Con ricorso depositato il 12/2/2015, i sigg.ri S. F.e G.P., in atti generalizzati, impugnavano il silenzio rifiuto maturato in seguito a loro istanza, rimasta inevasa, datata 2/4/2014 all’Agenzia delle Entrate Direzione Provinciale di Roma I, di restituzione dell’imposta di registro per euro 13.189,00 “per la rinuncia all’assegnazione della casa familiare”.

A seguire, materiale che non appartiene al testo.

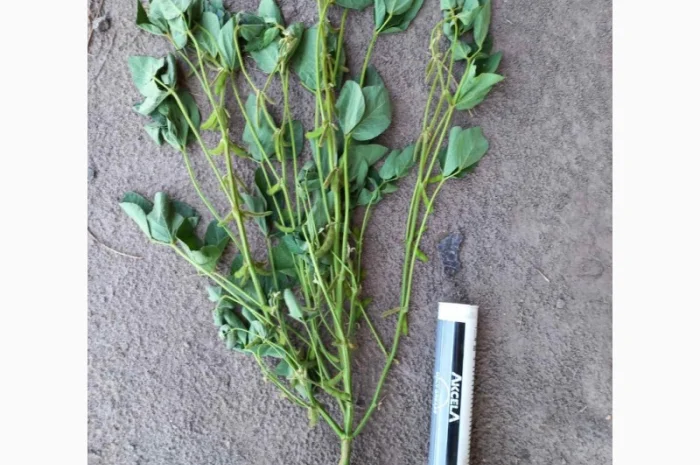 Продам сою (товарну та посівну) з пдв та без- фото № 2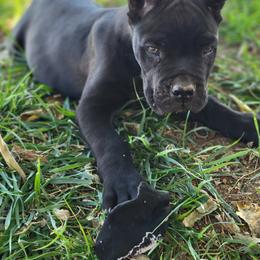 Cane Corso Puppies from JSM Corsos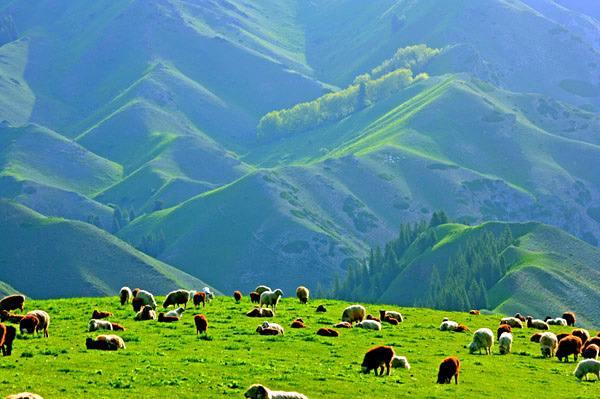 首页-NG视讯厅真人官方网站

I ricorrenti premettevano di aver acquistato in data 14/4/1987, all’epoca coniugi in regime di comunione legale, un appartamento sito nel Comune di Tivoli (distinto al N.C.E.U. al foglio xx, p.lla xx sub x, categoria xx, classe x, vani 10, r.c. di euro 1,730,13); esponevano che, in sede di separazione consensuale tra loro intervenuta in data 26/3/2004, rimase convenuto che l’abitazione familiare, ossia il suddetto appartamento, rimanesse assegnato alla moglie, assegnazione trascritta in data 16/5/2004 presso la Conservatoria dei Pubblici Registri; con sentenza n. 640/2008 il Tribunale di Tivoli, pronunciava il divorzio tra i suddetti ricorrenti; profilandosi la possibilità di vendere il suddetto immobile, i sigg.ri S. F. e G. P. hanno formulato rinuncia al diritto di abitazione con atto in data 25 settembre 2013 per Notaio F. Rep. N. xxx – Raccolta n. xxx, registrato all’Ufficio delle Entrate di Roma 1 in data 26/9/2913, dietro pagamento dell’imposta liquidata nella misura suindicata.

Le parti inserivano all’art. 9 dell’atto di rinuncia la seguente dicitura: “il presente atto dovrebbe essere assoggettato ad imposta di registro in misura fissa in quanto rassegnazione della casa familiare in sede di separazione personale tra coniugi costituisce diritto personale di godimento, per cui si riservano azione di ripetizione“.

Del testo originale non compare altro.